>>>

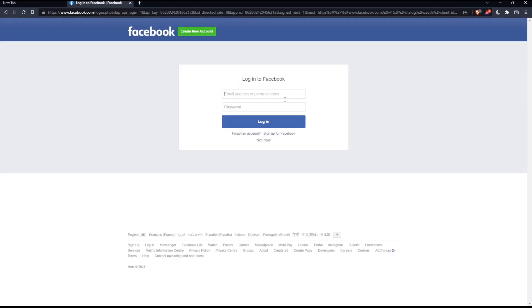That should take you to this option where you simply enter your email address or phone number to log in to your Facebook account. You will just have to give permission to Klaviyo and you will be good to go — it will be integrated.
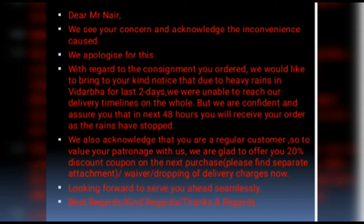'However, we are confident and assure you that within the next 48 hours, you will receive your order, as the rains have stopped now.' The fourth line: 'We also acknowledge that you are a regular customer with us. To value your patronage, we are glad to offer you a 20 percent discount coupon on your next purchase.' You may also specify a waiver of delivery charges or a fee waiver in a separate attachment.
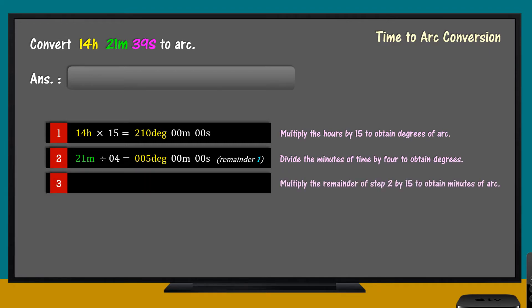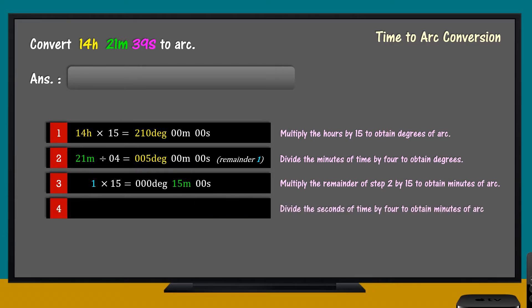Step 3: Multiply the remainder of Step 2 by 15 to obtain minutes of arc. Step 4: Divide the seconds of time by 4 to obtain minutes of arc.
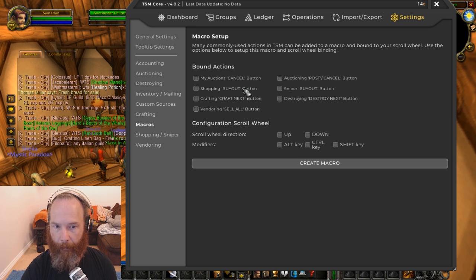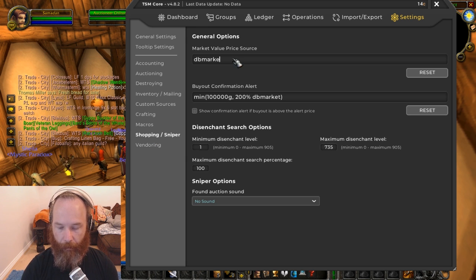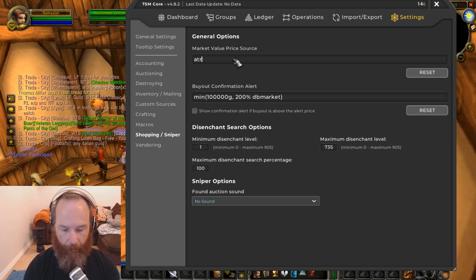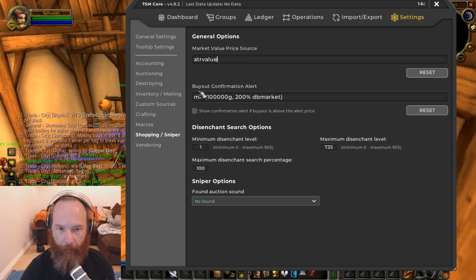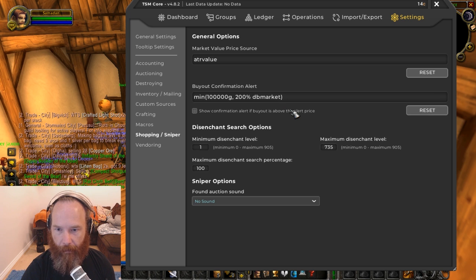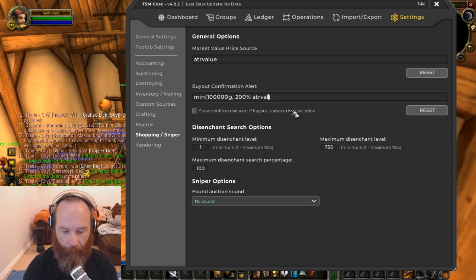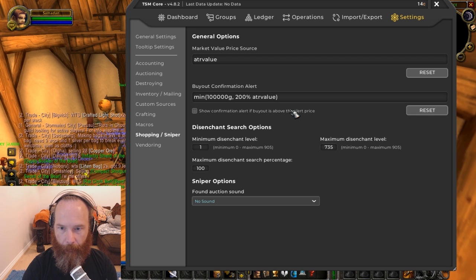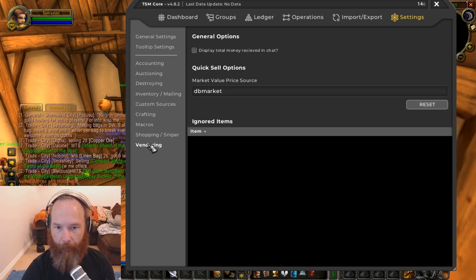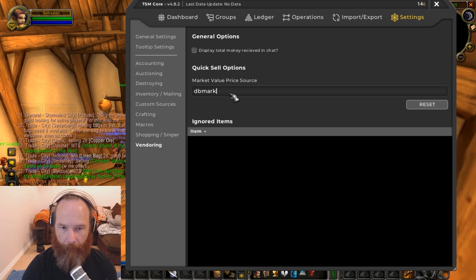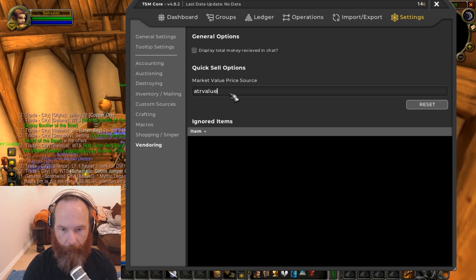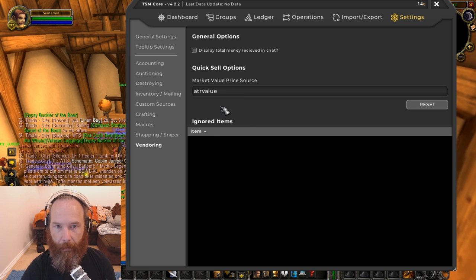And then market value price source here under shopping sniper, ATR value. And then buyout confirmation alert, let's change this all as default to 200% ATR value. And then vendoring, market value price source again, we'll just change that to ATR value. So those have all gone in fine.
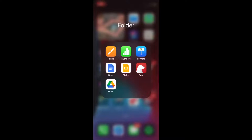Hello everyone, it's the UpForm team over here, and today we're just going to run through the process of how to access your Google Form responses from an iOS device, specifically an iPhone in this case.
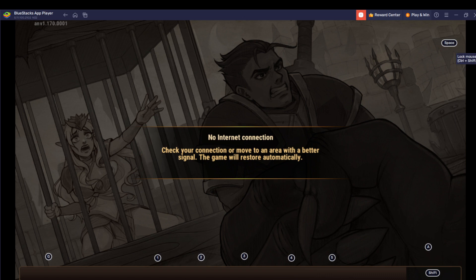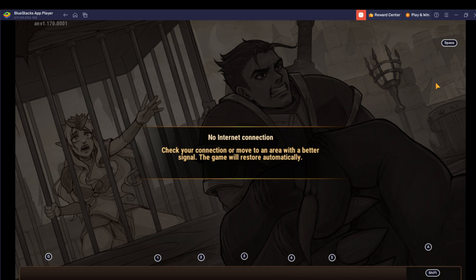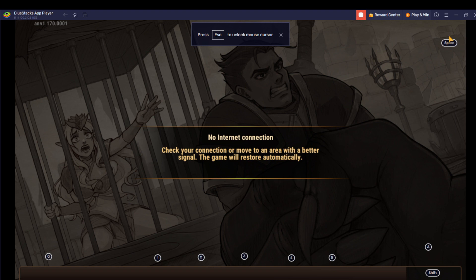Just click that, and you'll see your cursor has been locked. When you play your game, your cursor will be locked. It also says 'press ESC to unlock your cursor.' So I'm going to press ESC and my cursor is unlocked. I can go back and select that again.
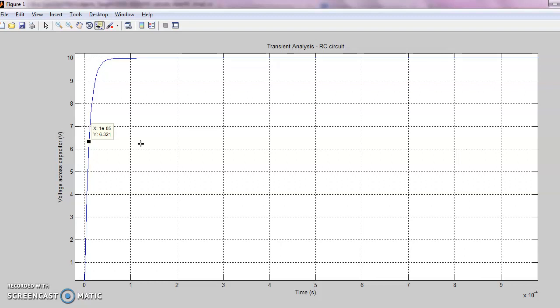This can be compared with the theoretical value: tau equal to R into C. You should get these two things approximately the same. Thank you for watching.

<<<

# Task statement:
Exactness is what counts here: copy each entry as given and omit its pictures.

# Task solution:
That should take you to this option where you simply enter your email address or phone number to log in to your Facebook account. You will just have to give permission to Klaviyo and you will be good to go — it will be integrated.
'However, we are confident and assure you that within the next 48 hours, you will receive your order, as the rains have stopped now.' The fourth line: 'We also acknowledge that you are a regular customer with us. To value your patronage, we are glad to offer you a 20 percent discount coupon on your next purchase.' You may also specify a waiver of delivery charges or a fee waiver in a separate attachment.
Step 3: Multiply the remainder of Step 2 by 15 to obtain minutes of arc. Step 4: Divide the seconds of time by 4 to obtain minutes of arc.
And then market value price source here under shopping sniper, ATR value. And then buyout confirmation alert, let's change this all as default to 200% ATR value. And then vendoring, market value price source again, we'll just change that to ATR value. So those have all gone in fine.
Hello everyone, it's the UpForm team over here, and today we're just going to run through the process of how to access your Google Form responses from an iOS device, specifically an iPhone in this case.
Just click that, and you'll see your cursor has been locked. When you play your game, your cursor will be locked. It also says 'press ESC to unlock your cursor.' So I'm going to press ESC and my cursor is unlocked. I can go back and select that again.
This can be compared with the theoretical value: tau equal to R into C. You should get these two things approximately the same. Thank you for watching.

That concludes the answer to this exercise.